**Extracted records:**
-- Opening Marker --

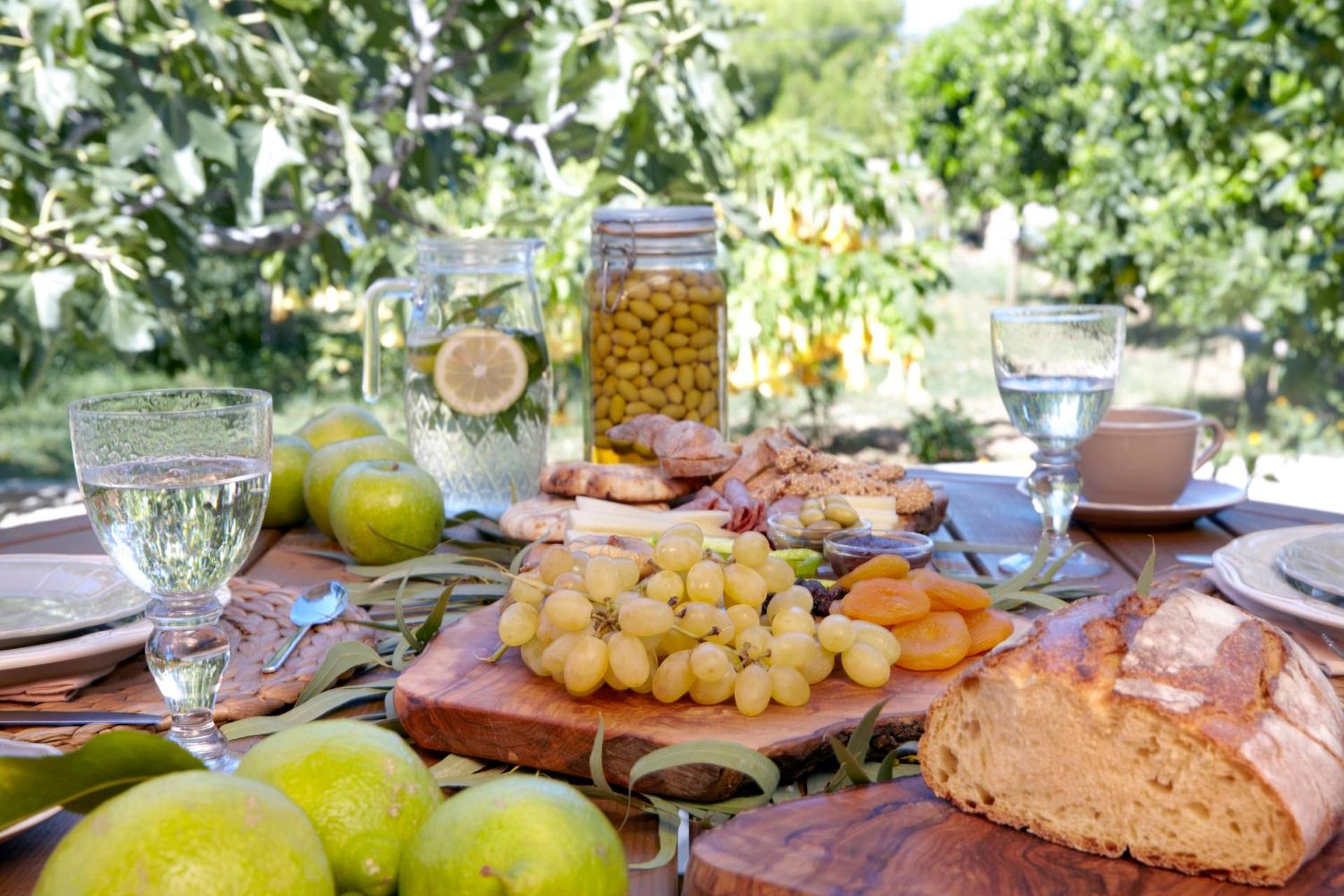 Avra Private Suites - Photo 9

-- Closing Marker --
-- Opening Marker --

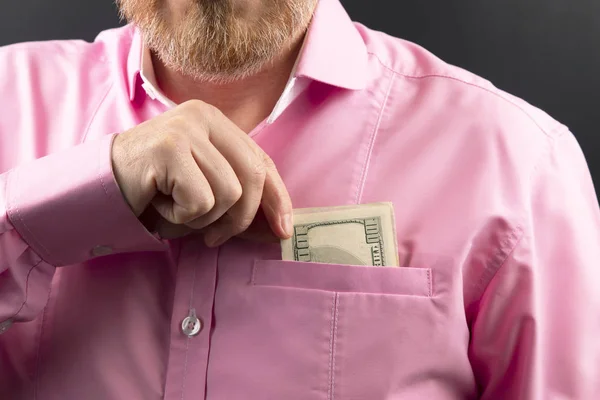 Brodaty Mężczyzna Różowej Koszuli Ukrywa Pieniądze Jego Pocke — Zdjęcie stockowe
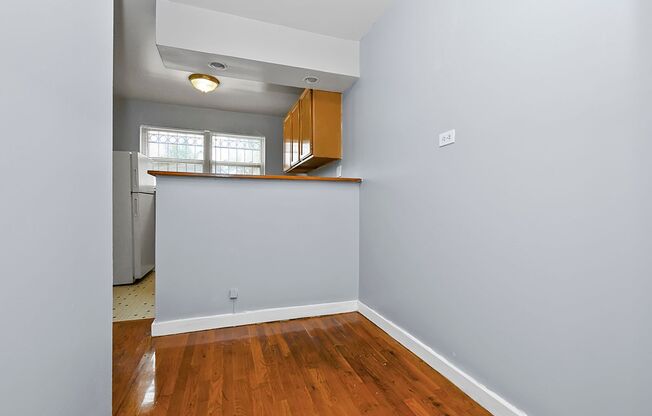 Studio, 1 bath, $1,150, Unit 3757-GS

-- Closing Marker --

**Your goal:** The data above holds the lines to copy: start at the one with "Brodaty Mężczyzna Różowej", stop at the one with "Studio, 1 bath, $1,150, Unit 3757-GS", include both, copy them exactly without pictures, and copy nothing else.

**Answer area:**
 Brodaty Mężczyzna Różowej Koszuli Ukrywa Pieniądze Jego Pocke — Zdjęcie stockowe
 Studio, 1 bath, $1,150, Unit 3757-GS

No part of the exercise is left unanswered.